++++ Material for this exercise ++++
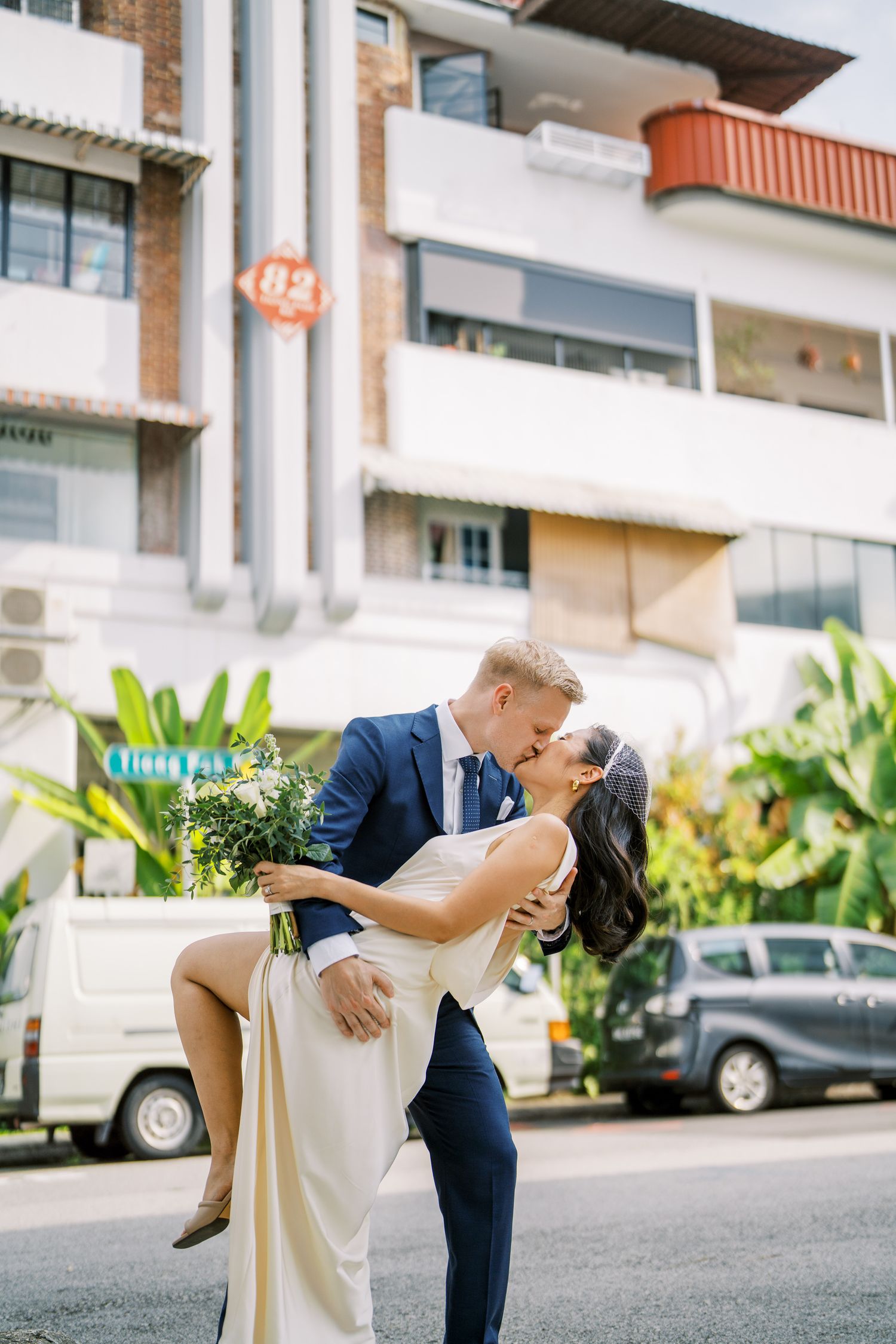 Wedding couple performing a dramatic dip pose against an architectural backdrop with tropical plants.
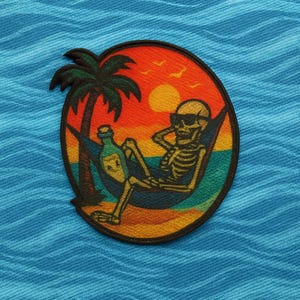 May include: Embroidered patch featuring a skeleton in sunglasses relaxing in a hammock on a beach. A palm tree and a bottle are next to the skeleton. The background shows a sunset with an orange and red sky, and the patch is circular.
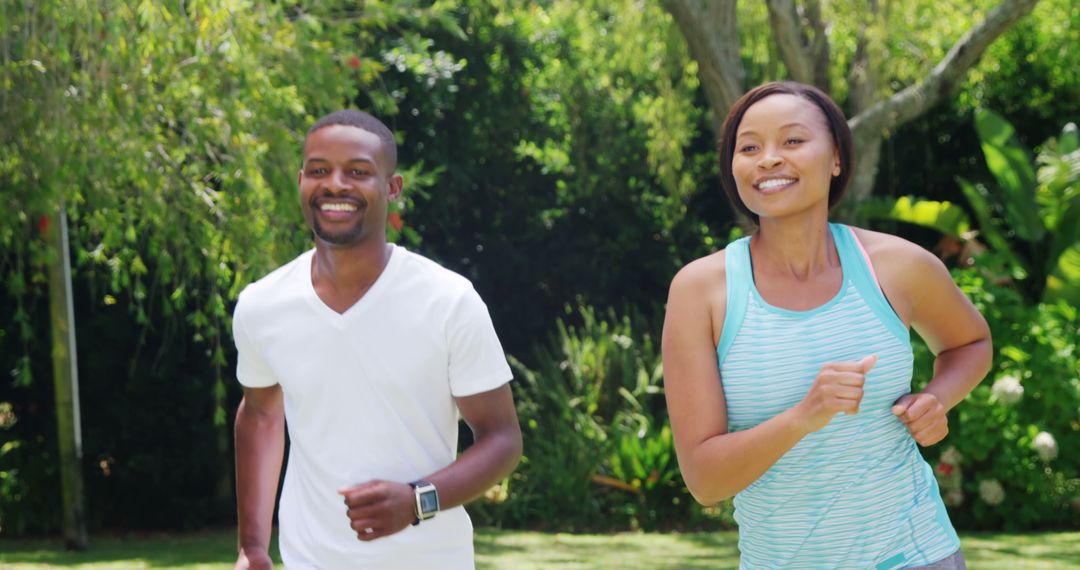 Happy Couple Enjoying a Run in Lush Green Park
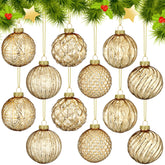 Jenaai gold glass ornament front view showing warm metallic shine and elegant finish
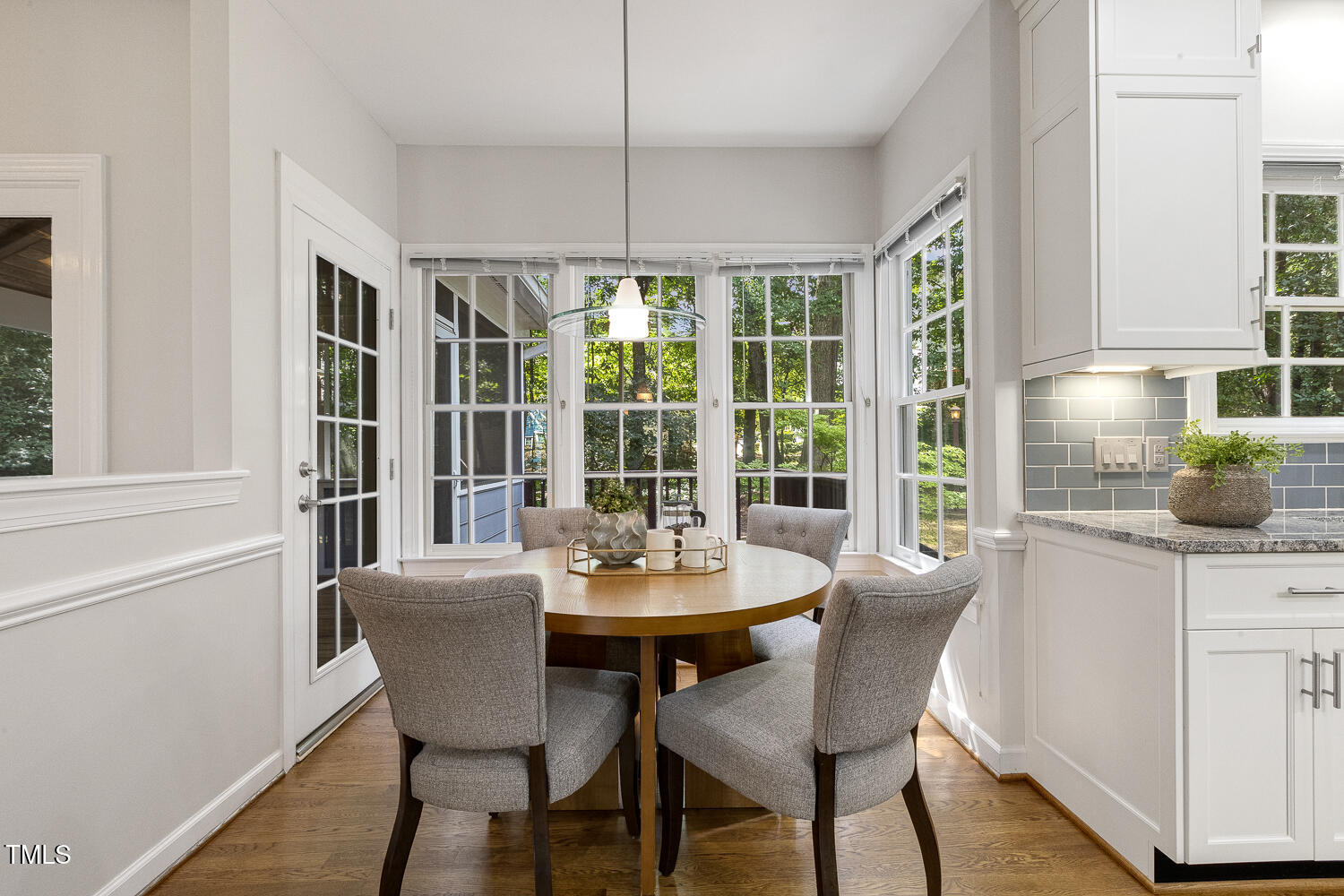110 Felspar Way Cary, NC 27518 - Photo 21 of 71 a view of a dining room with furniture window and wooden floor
++++
++++ Material for this exercise ++++
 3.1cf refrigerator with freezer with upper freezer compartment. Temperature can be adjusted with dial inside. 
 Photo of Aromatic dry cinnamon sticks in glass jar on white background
++++
++++ Material for this exercise ++++
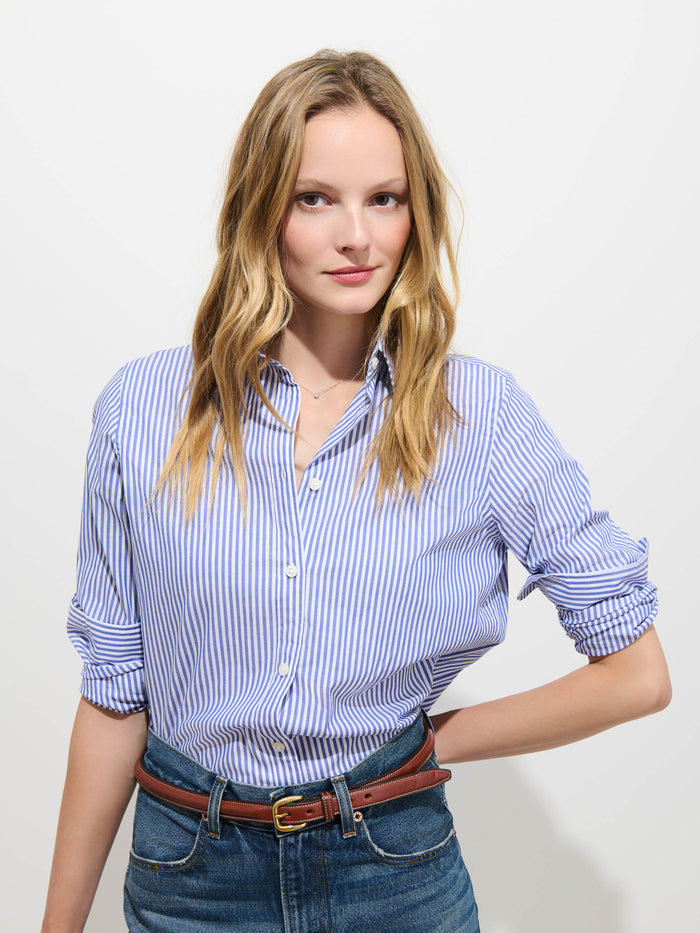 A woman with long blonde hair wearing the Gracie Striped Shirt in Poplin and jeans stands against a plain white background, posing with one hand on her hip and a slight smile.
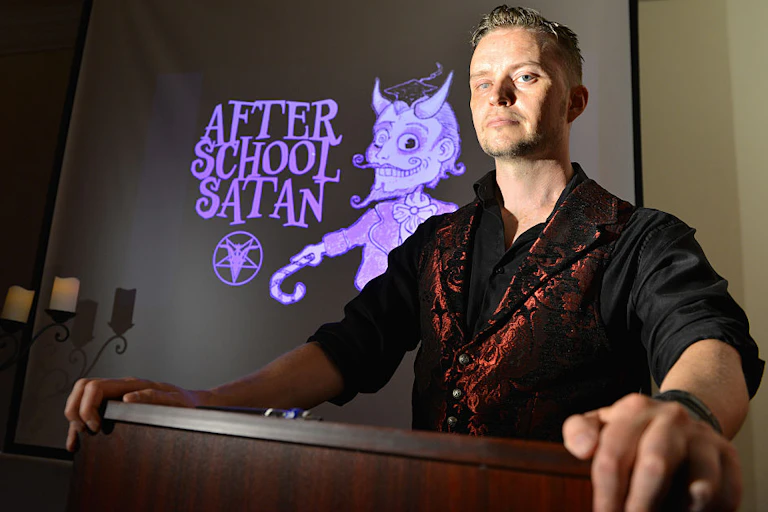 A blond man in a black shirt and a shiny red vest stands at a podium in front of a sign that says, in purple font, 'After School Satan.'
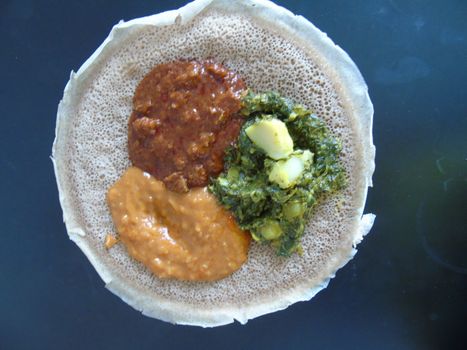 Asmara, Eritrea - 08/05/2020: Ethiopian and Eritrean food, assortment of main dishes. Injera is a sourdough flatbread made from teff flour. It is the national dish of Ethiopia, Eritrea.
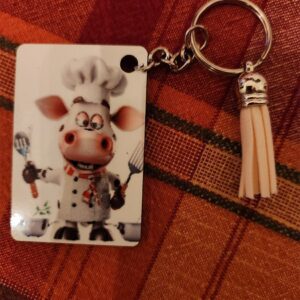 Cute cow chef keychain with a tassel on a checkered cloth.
++++
*Exercise brief*:
All that is wanted is the lines above between the one containing "Jenaai gold glass" and the one containing "110 Felspar Way", inclusive, restated word for word, with pictures omitted.

*Expected answer*:
 Jenaai gold glass ornament front view showing warm metallic shine and elegant finish
110 Felspar Way Cary, NC 27518 - Photo 21 of 71 a view of a dining room with furniture window and wooden floor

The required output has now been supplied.